I struggled a little bit with the thought process of deciding which hospital to go to in some of the scenarios. Can anyone give insight?

Case I:
7 year old male with MOI suggesting TBI. Unconscious, inadequate respirations, bradycardia at 56/min. SpO2 comes from 85 to about 93 with BVM on O2. Choices are level 2 trauma center 12 minutes away, or level 2 pediatric trauma center 20 minutes away. 

Case II:
25 year old male with a carotid hemorrhage secondary to a knife wound. It cannot be controlled and he is profusely hemorrhaging. I said we need to go to the nearest hospital for immediate blood and some sort of emergency wound control. However, it would appear that the correct answer is to go to the trauma center further away. I forget his vitals but I think his BP was around 130/80. 

Thoughts?


----------



## BobBarker (Dec 20, 2016)

Case I- Tough one, I am going to say Pediatric Trauma center only if the closer trauma center does not have pediatrics at all at the facility.
Case II- Closest hospital. I believe LA County protocols are going to be closest hospital for an arrest, uncontrolled airway or uncontrolled bleeding. Any emergency room should have blood and the doctor should definitely be able to help with emergency wound control as you mentioned.


----------



## E tank (Dec 20, 2016)

Pedi trauma center...time it took to go from ER to OR for an emergency crani would more than make up for the longer transport time to the peds place.

I'd say trauma center for the stabbing as well because, I'd guess anyway,  the odds favor  that vascular injury/bleeding are not the only problem. Again, my thinking here is that in the time it would take to mobilize a massive transfusion protocol and vascular team at the nearest facility, the guy could be getting more of what he needs at the trauma center. Especially if the hole in the artery  is behind the clavicle or lower.


----------



## Handsome Robb (Dec 20, 2016)

Case 1 is going to the pediatric TC. Going to the regular TC is only going to delay their care because they'll be transferred to the pediatric TC. 

Case II needs a TC too. Ideally you can scoop him and boogy with him. This is a case where I'd be doing everything I could to control the bleeding, probably with direct pressure from a fingertip inside the wound, and definitely be allowing hypotension.
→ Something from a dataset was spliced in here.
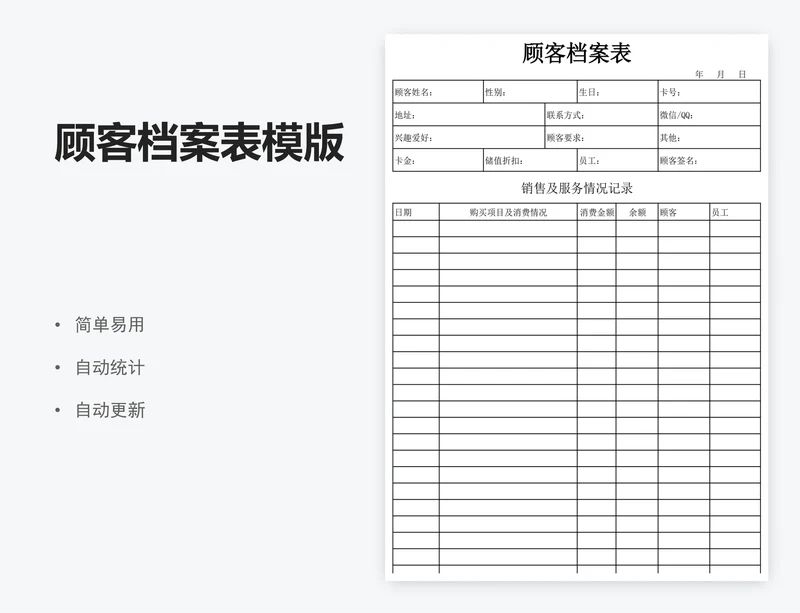 顾客档案表模版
Dude needs a vascular surgeon ASAP. 


Sent from my iPhone using Tapatalk


----------



## SpecialK (Dec 20, 2016)

The bloke with the uncontrolled carotid haemorrhage needs to go to the closest hospital, *and *there needs to be an appropriate doctor standing in ED ready to meet him when get there.  This means a very early RT call to the hospital, preferably before leaving the scene.  Shouldn't be that hard to control, put an artery clamp on it and send him to a vascular surgeon rapidly (noting the majority of our hospitals do not have vascular surgeons).  I doubt most ED Consultants would have a go at suturing an artery, probably something they'll either never do or only do once or twice in their entire career.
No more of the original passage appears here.